PARIS (Reuters) - European Commission President Jose Manuel Barroso said on Wednesday France needed to present a credible program of structural economic reforms if the EU is to grant it two more years to bring its budget deficit down as promised.
Barroso, who was due to meet French President Francois Hollande in Brussels later in the day, was speaking as new data showed Europe’s second largest economy slipped into a shallow recession.
The extension of the deadline to cut the deficit below 3 percent of output would be approved “if France presents a credible reform program so that France can regain its competitiveness,” Barroso told Europe 1 radio.

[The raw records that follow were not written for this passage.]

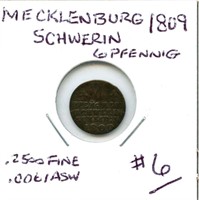 German State 1809 Mecklenburg Schwerin 6 Pfennig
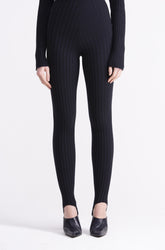 Leggings a vita alta a costine blu 22WGDKP847BLUE GENTE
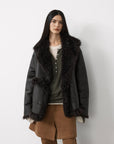 Firelady Fur Toscana Shearling Coat | Asymmetric Oversized Fur Leather Jacket "Oppenheimer"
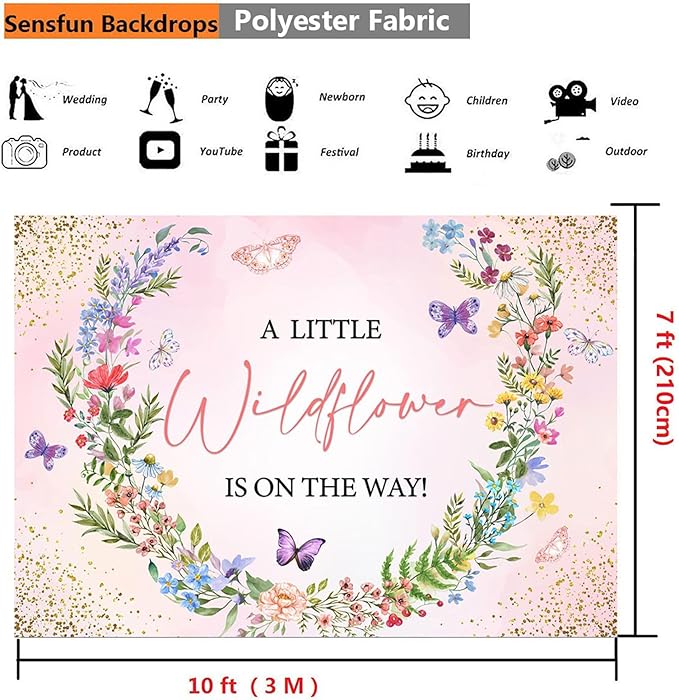 Sensfun A Little Wildflower is On Way Baby Shower Backdrop Banner Girl Wildflowers Party Decorations,Pink Wild Flowers Floral Theme Background for Girls Baby Shower Decor Photo Booth Props 10X7ft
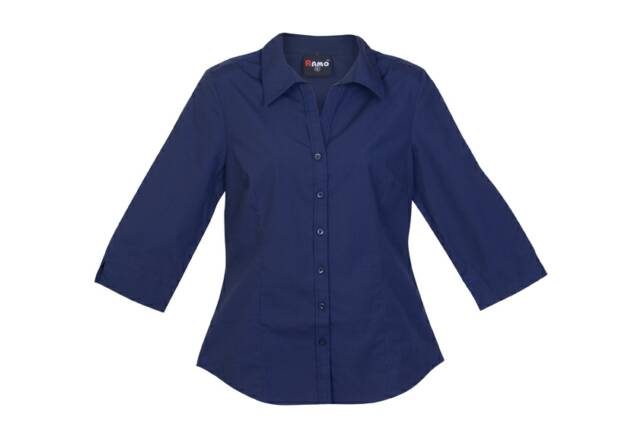 Womens 3/4 Sleeve Shirts - Navy Blue - Front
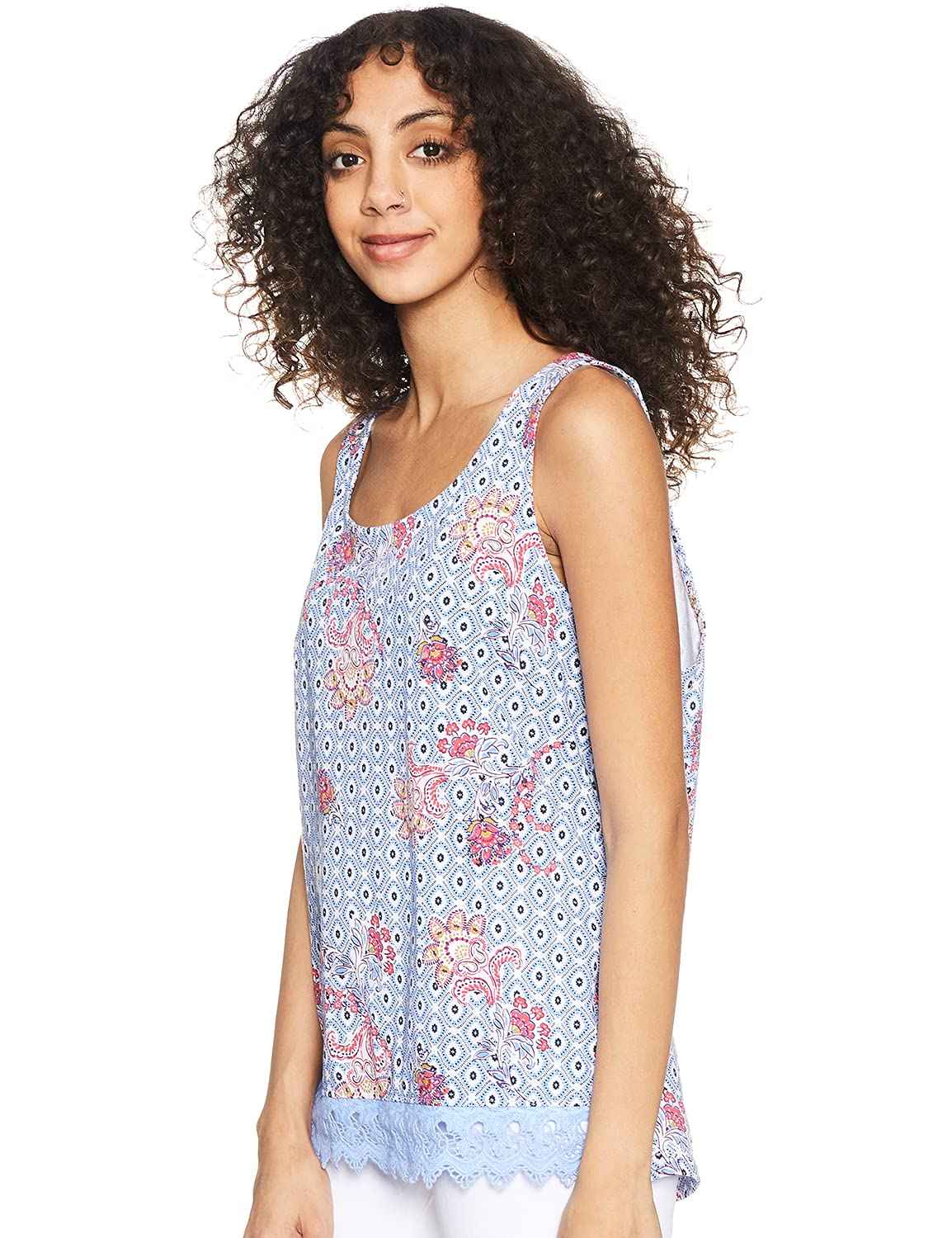 Matalan T-Shirts  for Women Patterned Lace Hem Sleeveless Scoop Neck Top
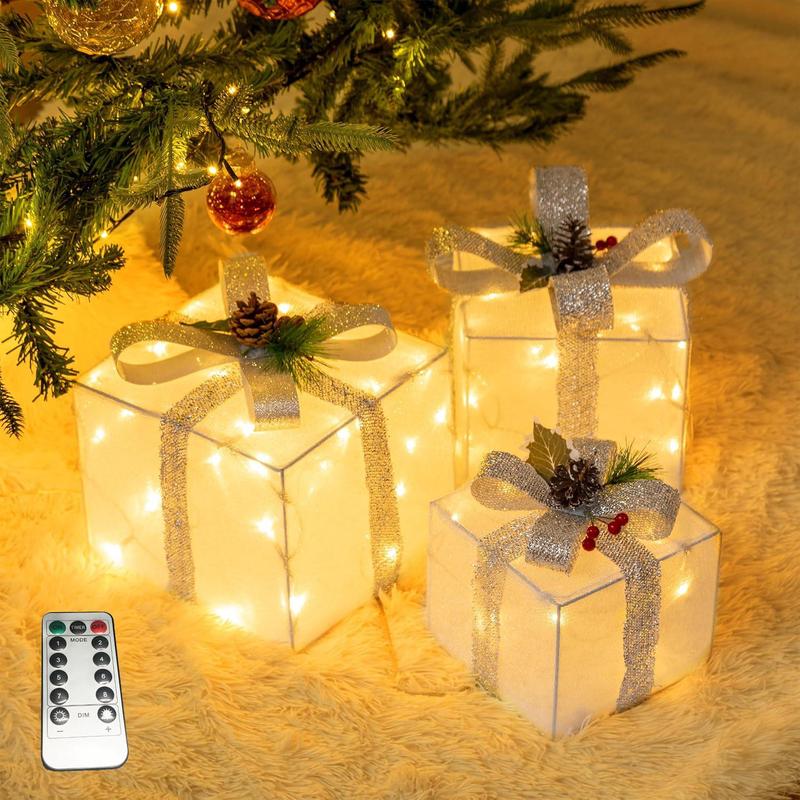 Battery Powered Christmas Present Box Decoration, 3 Counts set LED Light Up Present Box, Decorative Light for Indoor Outdoor Christmas Tree Decor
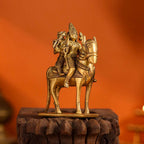 Brass Shiva Parvati on Horse (4.9 Inch) Vedansh Craft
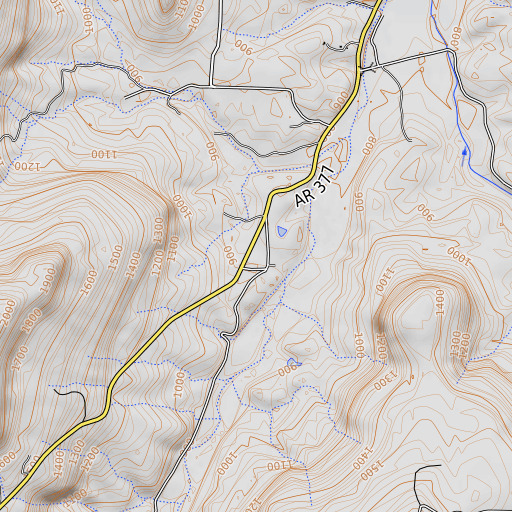 OpenTopoMap map of Slicker School, AR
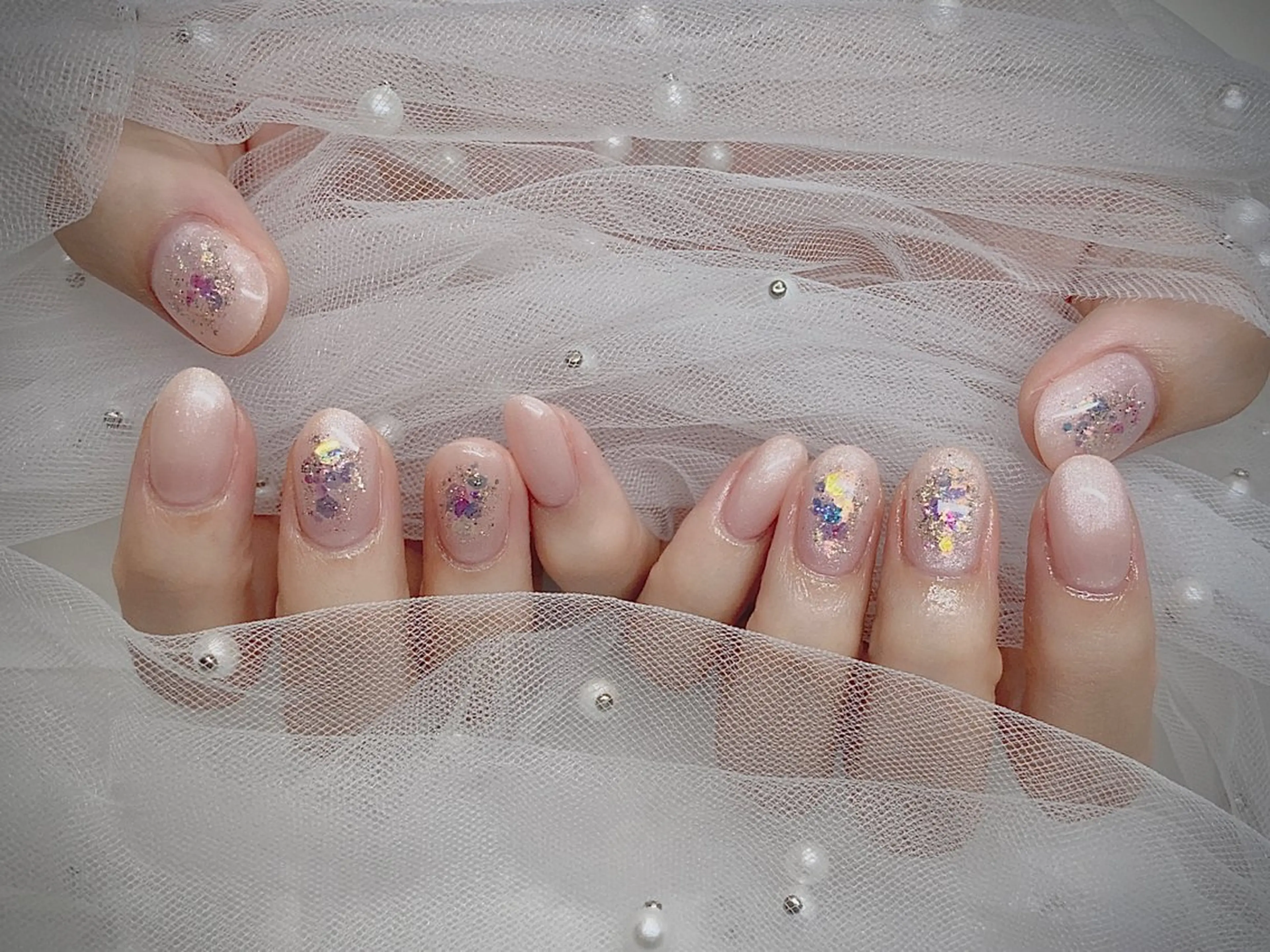 ネイル I-nailロング /ワンホン/キラキラのネイルデザイン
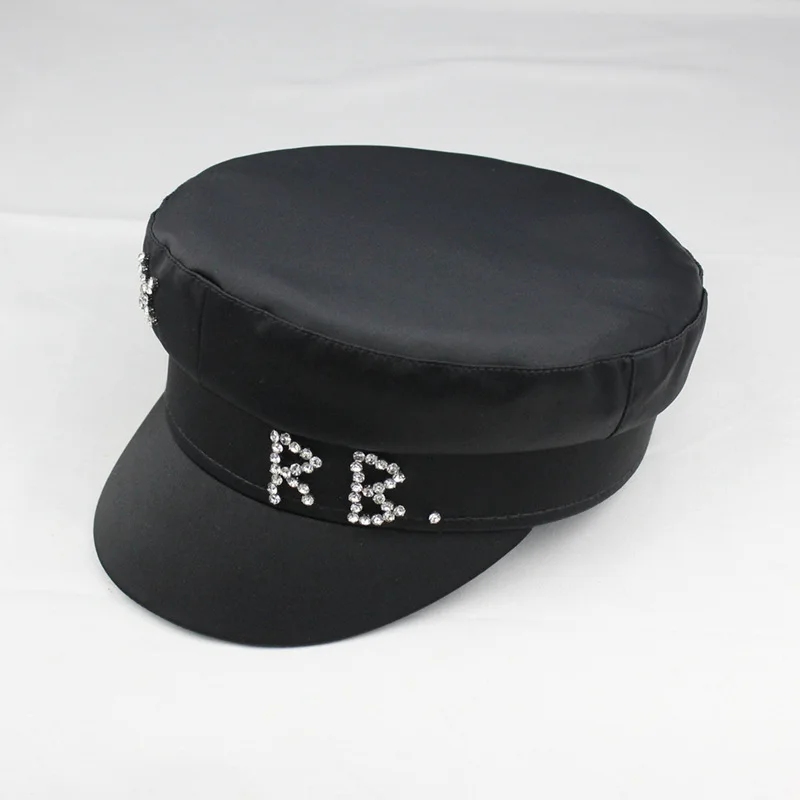 Women hats women military hat Trendy satin letters flat top military hats brand designer spring summer newsboy cap crystal baker boy hat visor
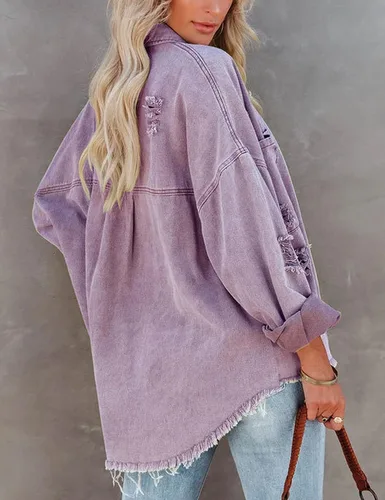 Vista 4 de Lumister Chaqueta de mezclilla de gran tamaño para mujer, suave, ligera, desgastada, con flecos rasgados, manga larga, chaqueta de mezclilla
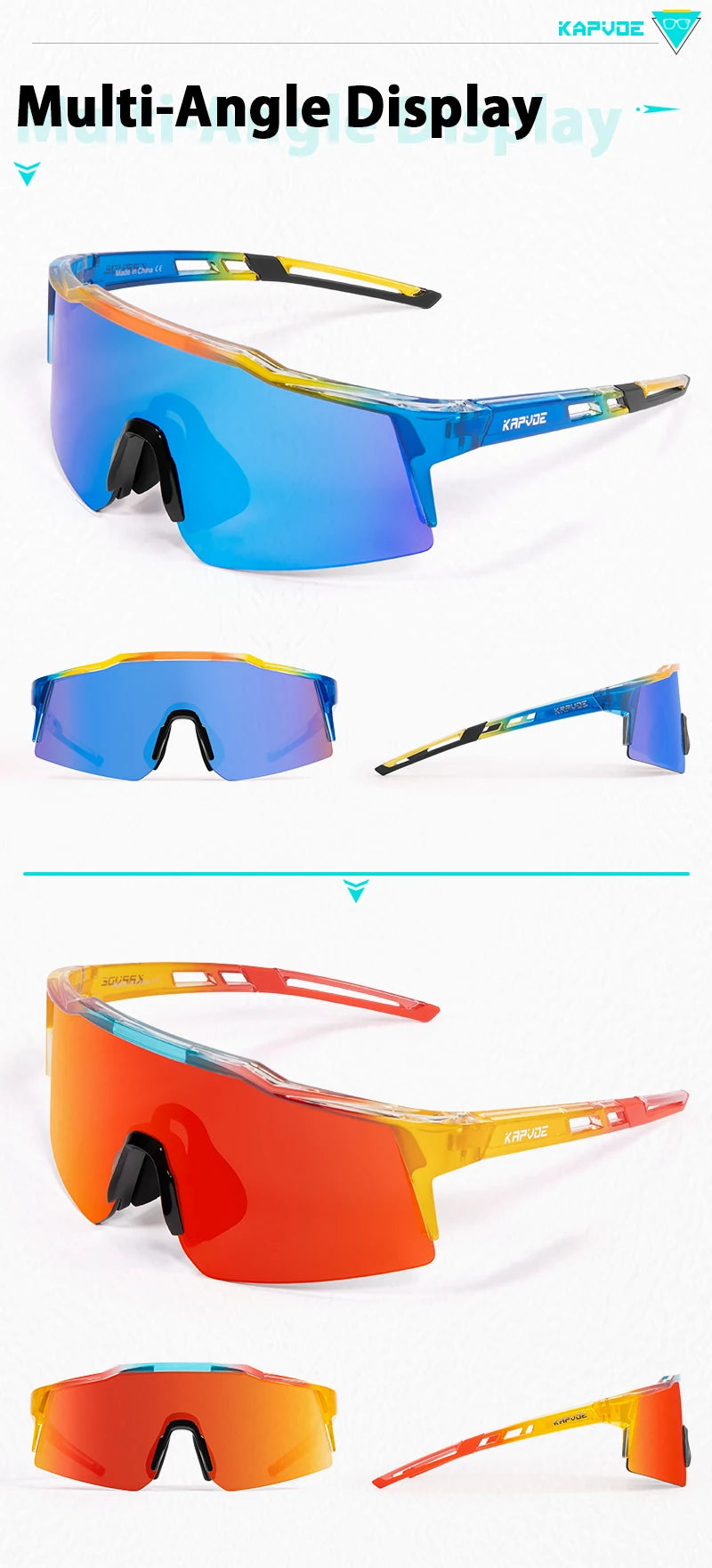 Kapvoe Photochromic Teenager Kids Cycling Sunglasses Sport Bicycle Glasses UV400 Child Goggle Outdoor Boys Girls Running Eyewear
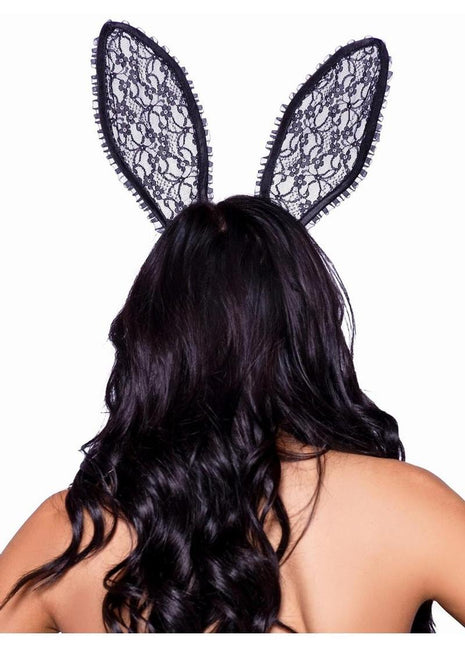 Leg Avenue Ruffle Bunny Ears - Black - One Size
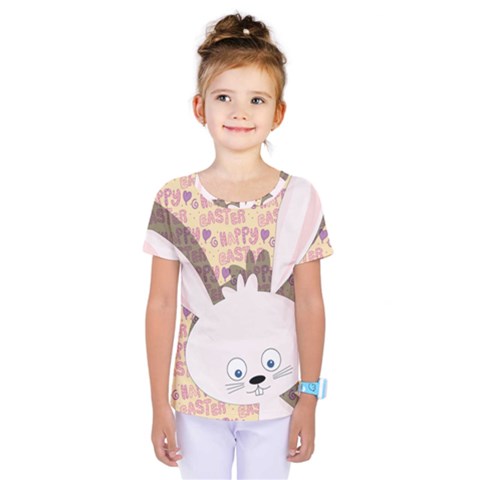 Easter Bunny  Kids  One Piece Tee by Valentinaart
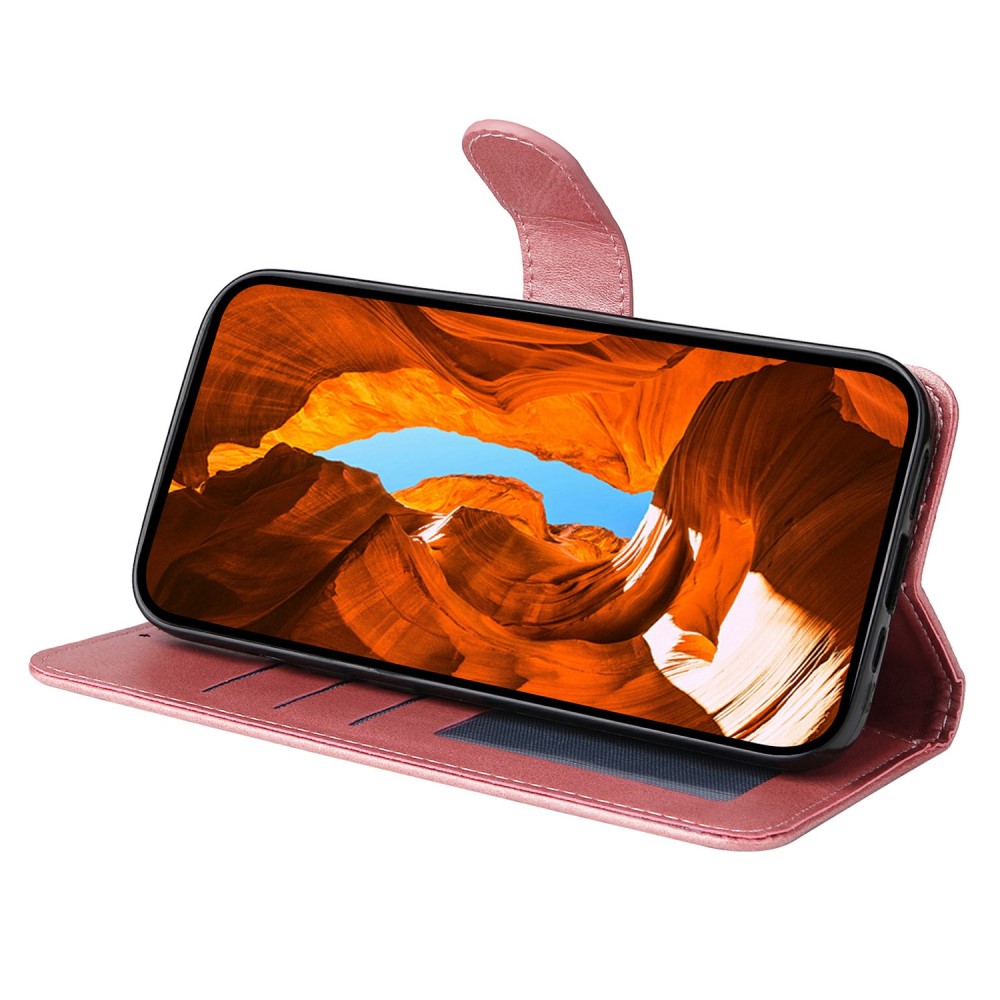  Xiaomi Redmi Note 14 4G Fodral Läder Folio Roséguld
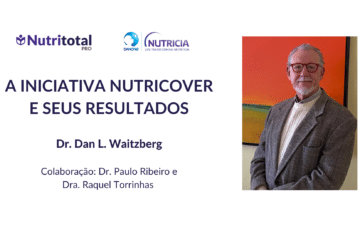 Banner sobre "A iniciativa Nutricover e seus resultados" e um rapaz de terno ao lado da frase.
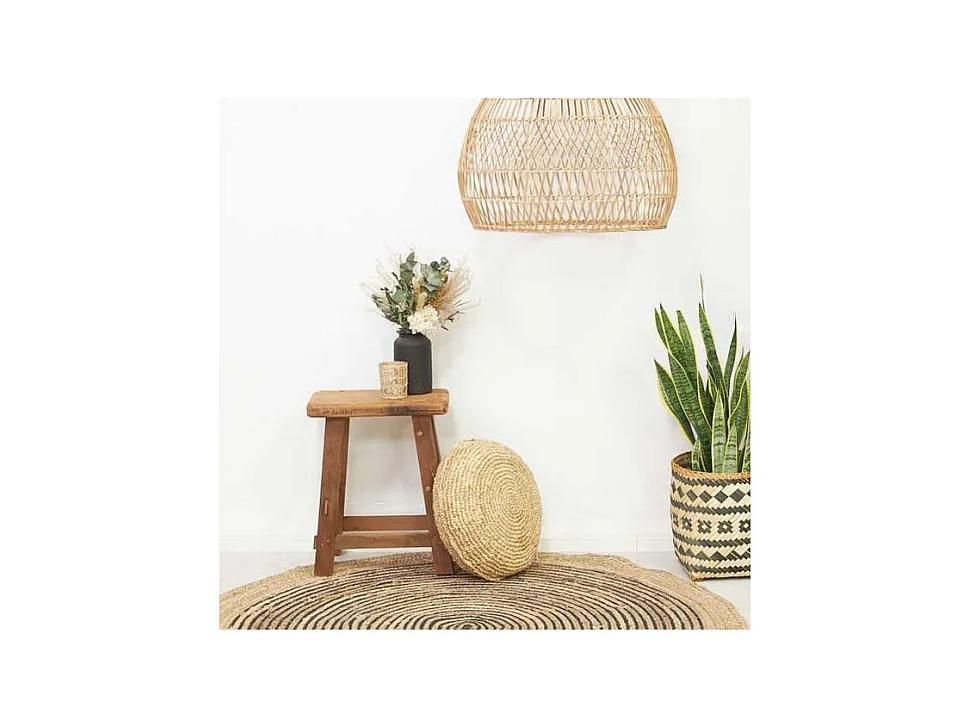 Abat-jour en rotin naturel pour suspension Rond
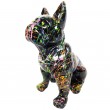 Statue en résine bouledogue Français assis multicolore fond noir - 31 cm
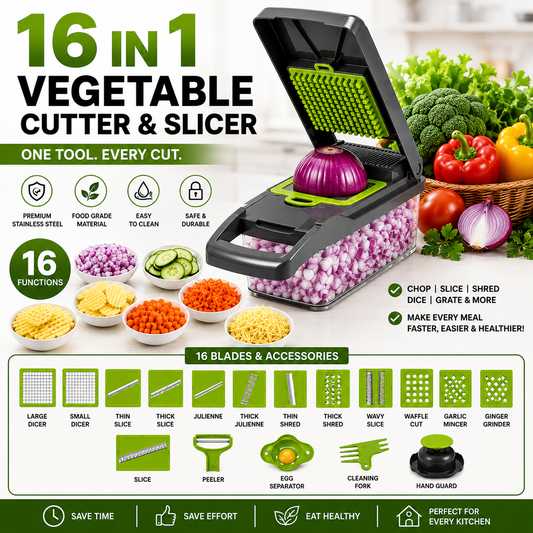 16-in-1 Multifunctional Vegetable Cutter & Slicer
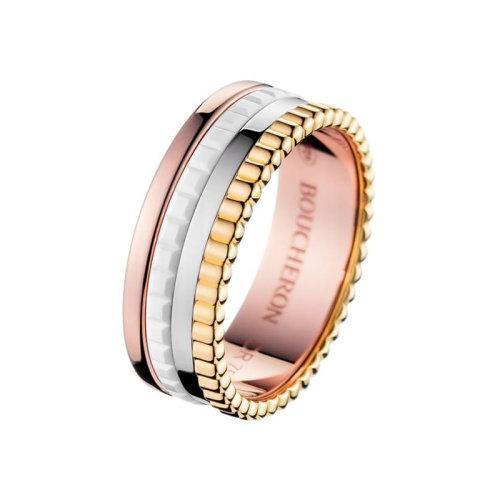 【包税】BOUCHERON/宝诗龙 quatre系列 小号18k金白金黄金玫瑰金白色版戒指JRG01596 商品图0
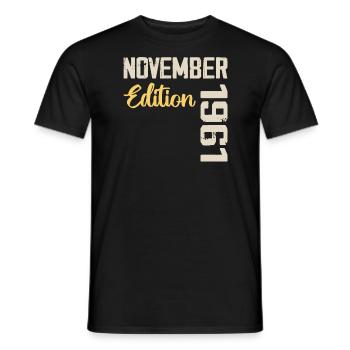 Born in November 1961 - Edition 1961 - Men's T-Shirt - black - Front - AI Model Male 178 light (178cm)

On Tuesday, the French parliament adopted a partial reform of the country’s labor code, slightly easing rigid job protection rules as part of Hollande’s efforts to convince European partners that he is committed to revamping the economy.
Finance Minister Pierre Moscovici dismissed any idea that Hollande would go to Brussels with fresh plans for reforms, telling reporters on Monday that Paris had already spelt out reforms in a revised 2013-2017 budget plan last month.
But as preliminary data on Wednesday showed the French economy contracting by 0.2 percent in the first quarter, Barroso said that France needed to prove its commitment to pursue further structural reforms.
“The truth is that France has lost competitiveness over the past 20 years,” he said.
By contrast, Germany, Europe’s economic powerhouse, managed to return to growth in the first quarter after a sharp contraction at the end of 2013.
After the figures were released, Moscovici maintained the government’s forecast of GDP growth of 0.1 percent over the whole of 2013 and said the EU needed to rebalance its policies towards stimulating growth rather than austerity.
“All of this must push us to have a European policy which goes for growth,” he told reporters after a cabinet meeting just before Hollande left for Brussels.
Speculation of a cabinet reshuffle intensified on Tuesday after Foreign Minister Laurent Fabius, a former premier and finance minister, said the giant Finance Ministry needed a “boss” to better coordinate economic policy.
The remarks were aimed at Moscovici and left-wing firebrand industry minister Arnaud Montebourg, who have clashed publicly over budget cuts, industrial policy and a series of run-ins with potential foreign investors in France.
In another discordant note just as Hollande was trying to convince Brussels that he has a coherent economic strategy, Montebourg said in an interview published on Wednesday that France would fight off belt-tightening pressure.
“We are fighting to loosen the budgetary, monetary and legal belt: it’s this triple whammy that is choking growth,” he said in an interview with France’s Les Echos and Germany’s Handelsblatt.
In the same interview, which came on the day data showed Germany eked out growth in the first quarter, the ECB’s former chief economist Juergen Stark said Germany had already carried out painful reforms and France must accelerate its plans.
Barroso - whose Commission is perceived by French leftists as economically liberal - said there was a tendency in France to see new developments in the world as a threat rather than an opportunity and said that opposing globalization was like “spitting into the wind”.
Montebourg ran for Socialist presidential nomination in 2011 on a platform condemning unfettered free trade and advocating a policy of “delocalization”.
France entered a shallow recession in the first three months of the year as the economy contracted by 0.2 percent because of weak exports, investment and household spending.
The data - which marks France’s first recession in four years - is further bad news for the Socialist government after the number of jobless people hit an all-time high in March.